> _Problem requirements_
Would you return exactly the lines from the top of the data below through the one containing "Obrázek produktu pro", leaving out the pictures?

>>>

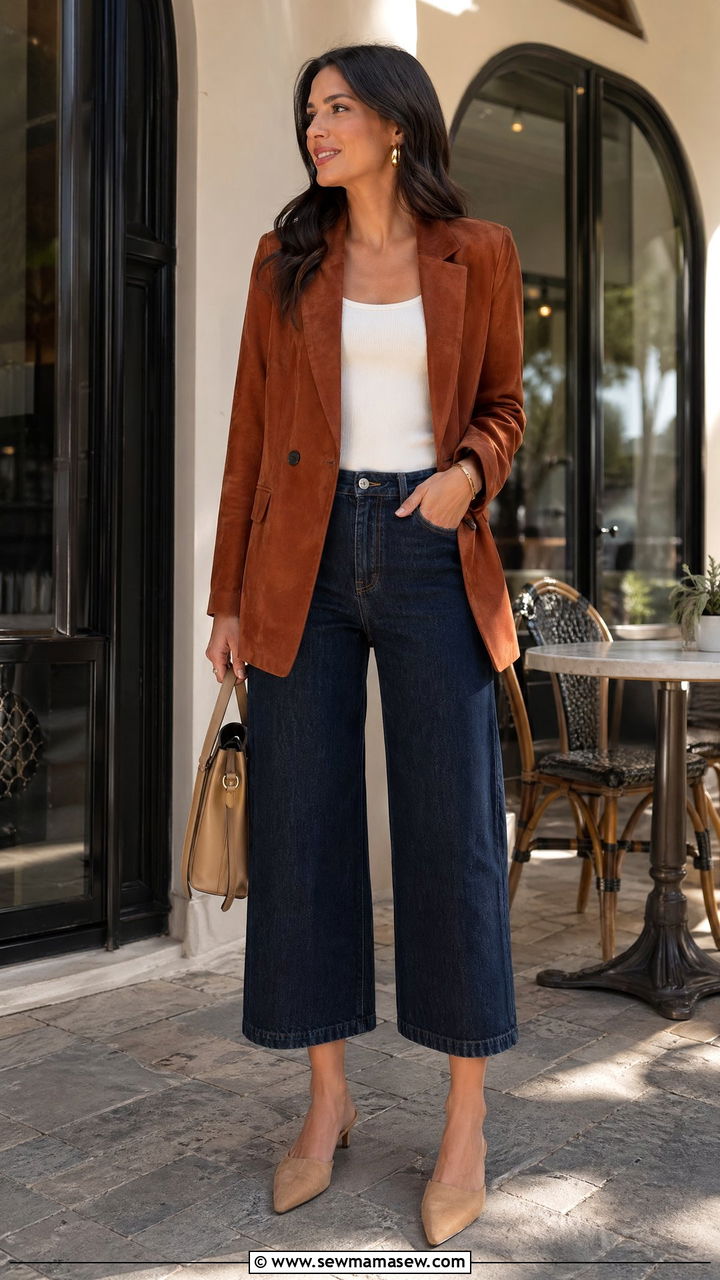 Dark Wash Jeans With Suede Blazer - 35 Dark wash jeans outfit ideas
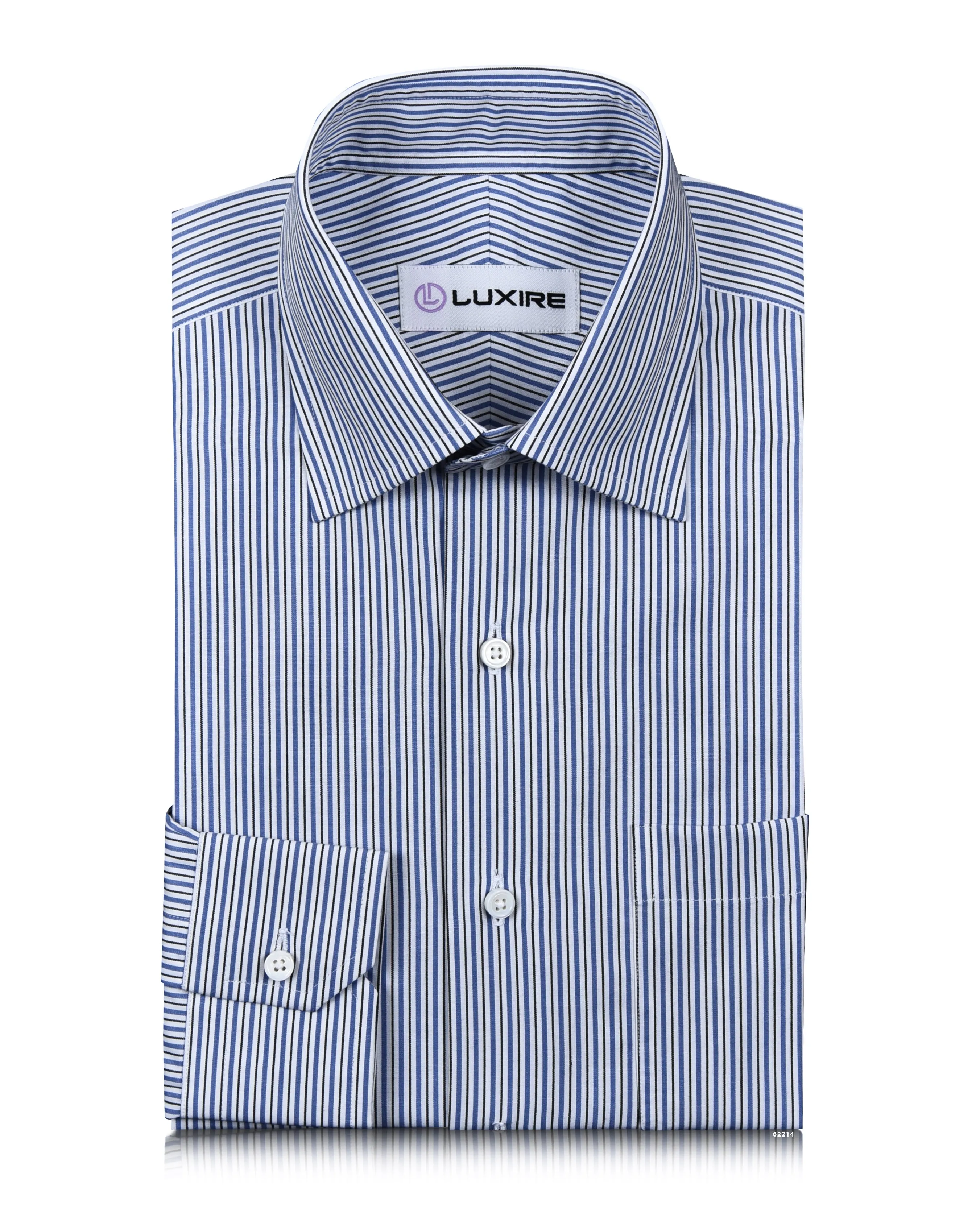 White Blue Black Alternate Pencil Stripes on White Seamless Shoulder Construction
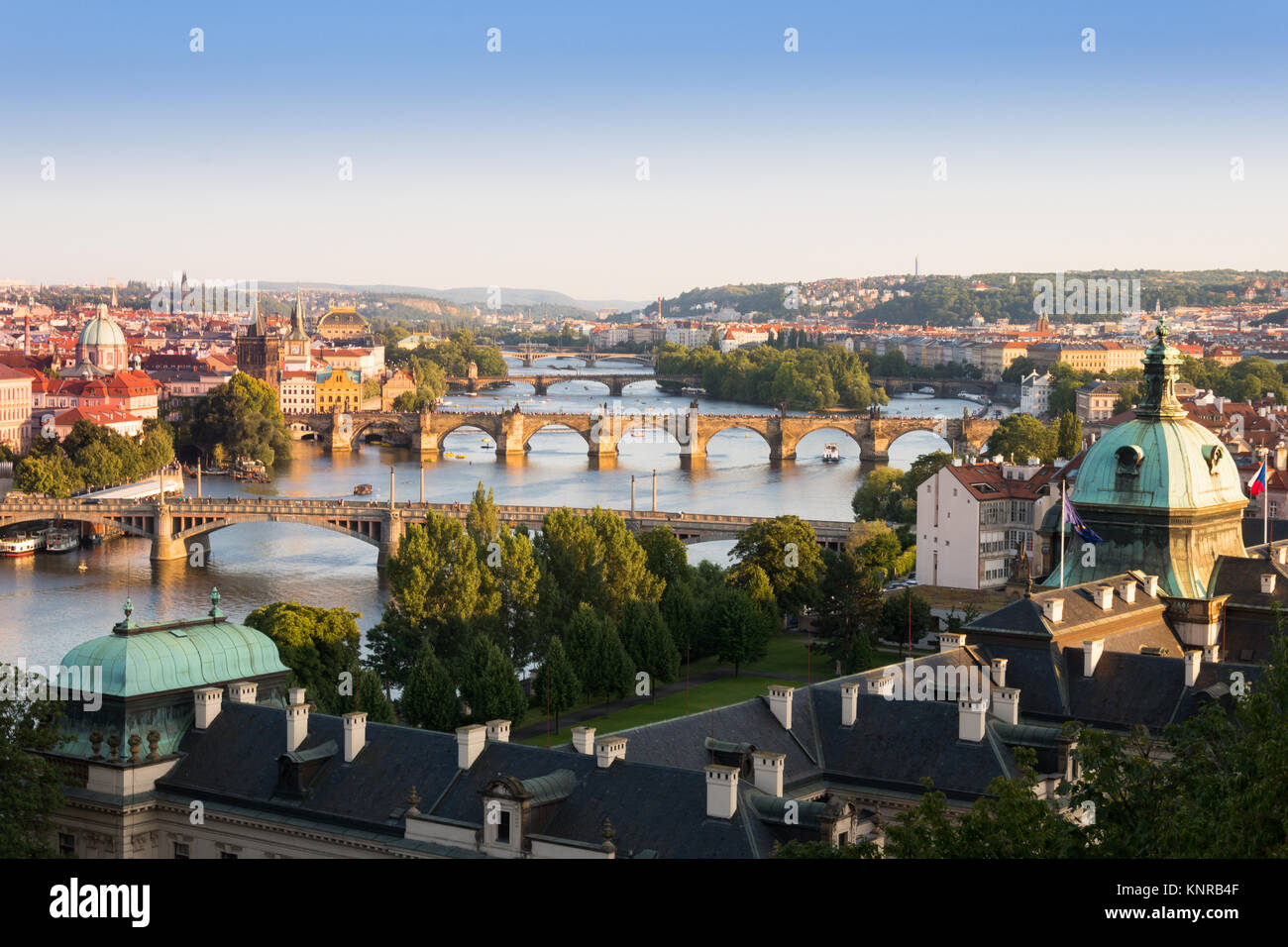 Panoramic view of Prague, the Moldau river and the Charles bridge Stock Photo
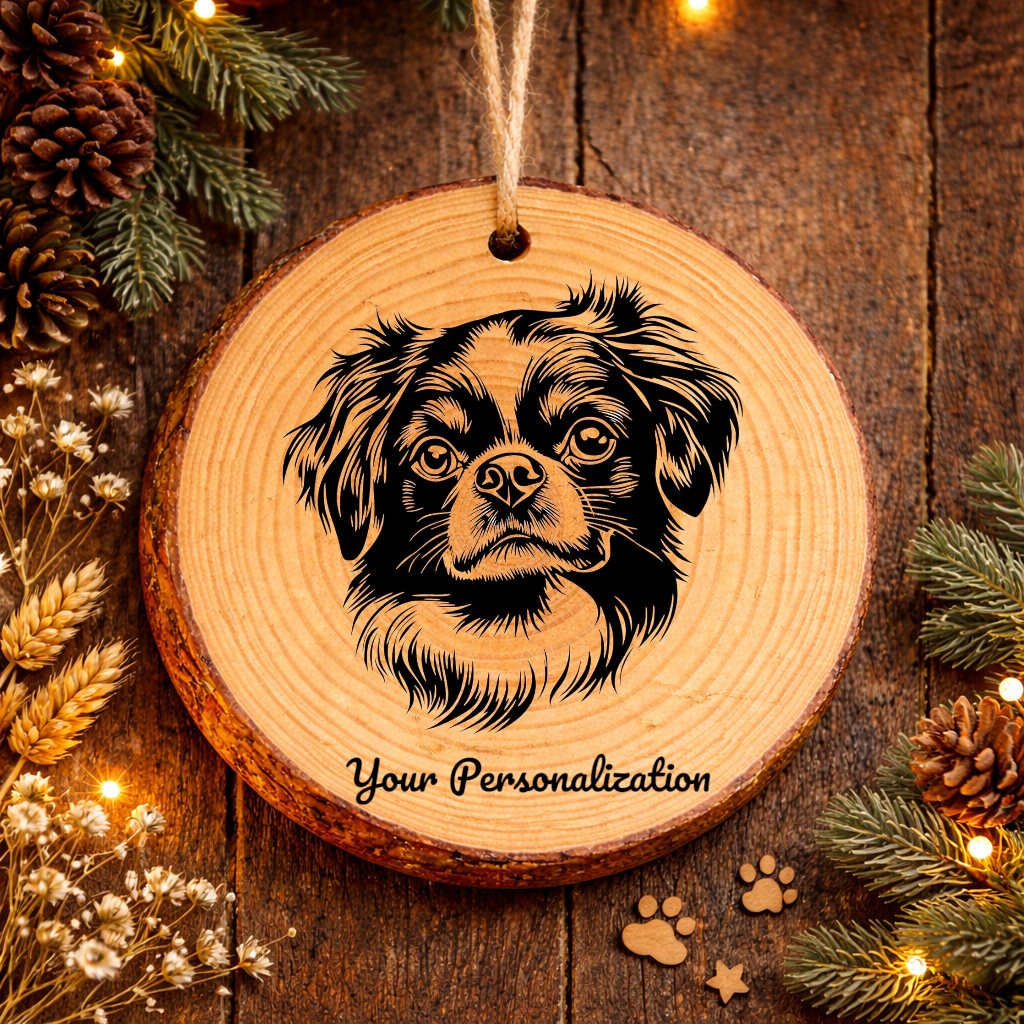 Tibetan Spaniel Dog Ornament – Rustic Wooden Keepsake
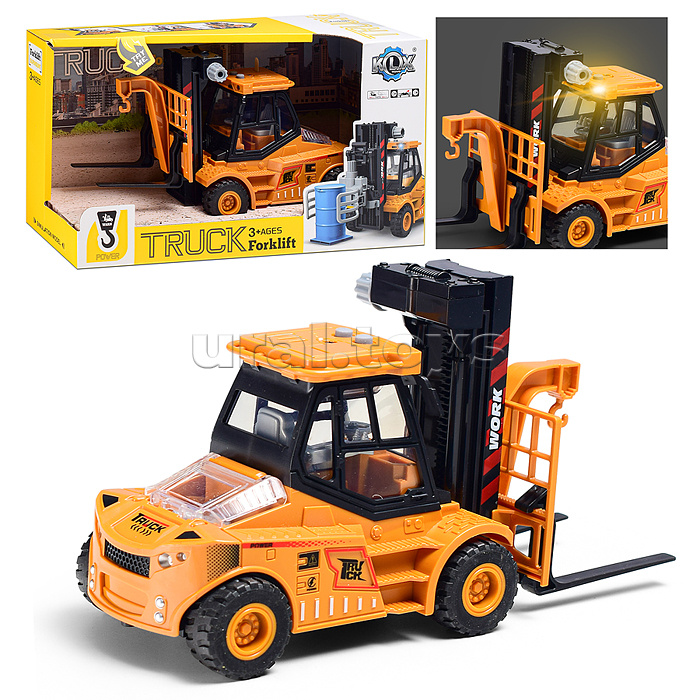 Машина  "Вилочный погрузчик4" 1:43 (свет,звук) в коробке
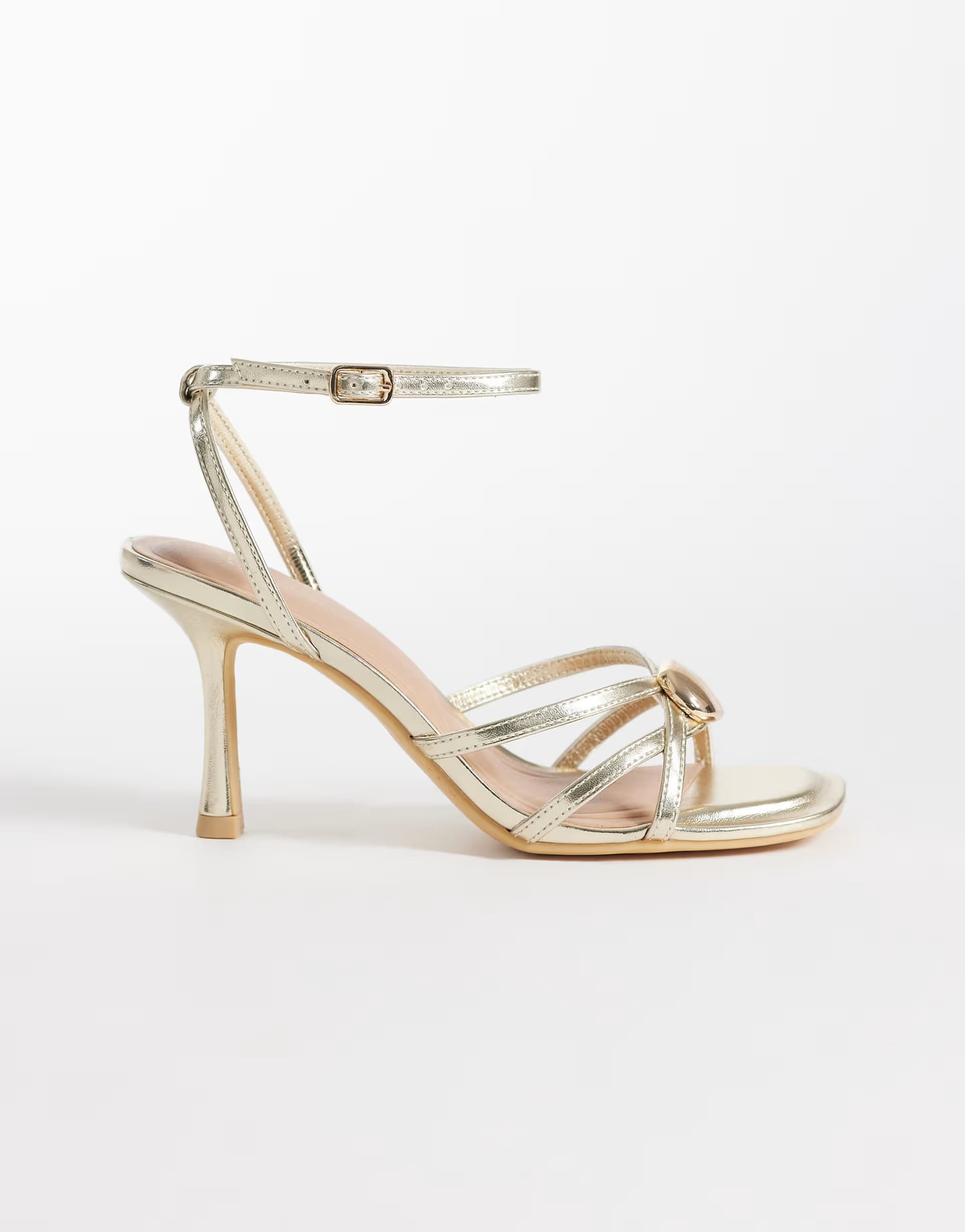 ASOS ASOS Gold Pebble Detail Stiletto Heeled Sandal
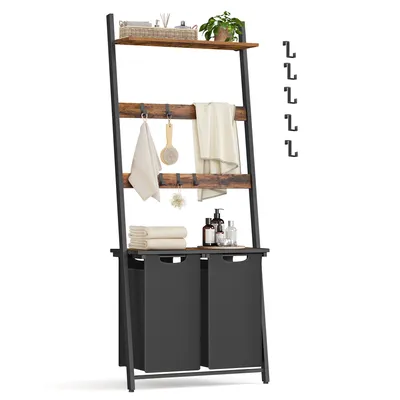 Obrázek produktu pro Koš na prádlo VASAGLE s žebříkem na ručníky, věšák na ručníky se sběračem prádla, 2 x 46 L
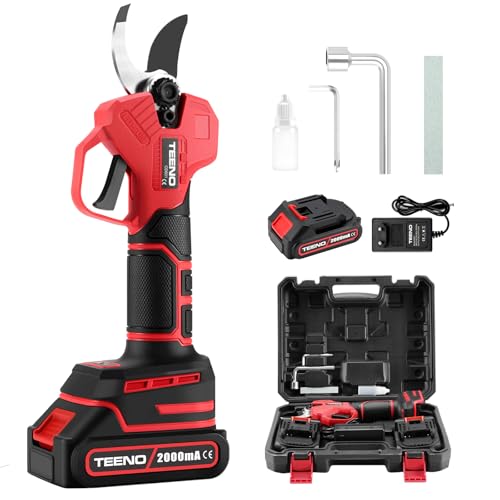 TEENO Tijeras de Podar Electricas Inalámbricas,Motor sin Escobillas,Tijera para Jardinería Podadora Adecuada para Jardines, Ramas,Huertos (1 batterie)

<<<

> _Exercise output_
 Dark Wash Jeans With Suede Blazer - 35 Dark wash jeans outfit ideas
 White Blue Black Alternate Pencil Stripes on White Seamless Shoulder Construction
 Panoramic view of Prague, the Moldau river and the Charles bridge Stock Photo
 Tibetan Spaniel Dog Ornament – Rustic Wooden Keepsake
 Машина  "Вилочный погрузчик4" 1:43 (свет,звук) в коробке
 ASOS ASOS Gold Pebble Detail Stiletto Heeled Sandal
 Obrázek produktu pro Koš na prádlo VASAGLE s žebříkem na ručníky, věšák na ručníky se sběračem prádla, 2 x 46 L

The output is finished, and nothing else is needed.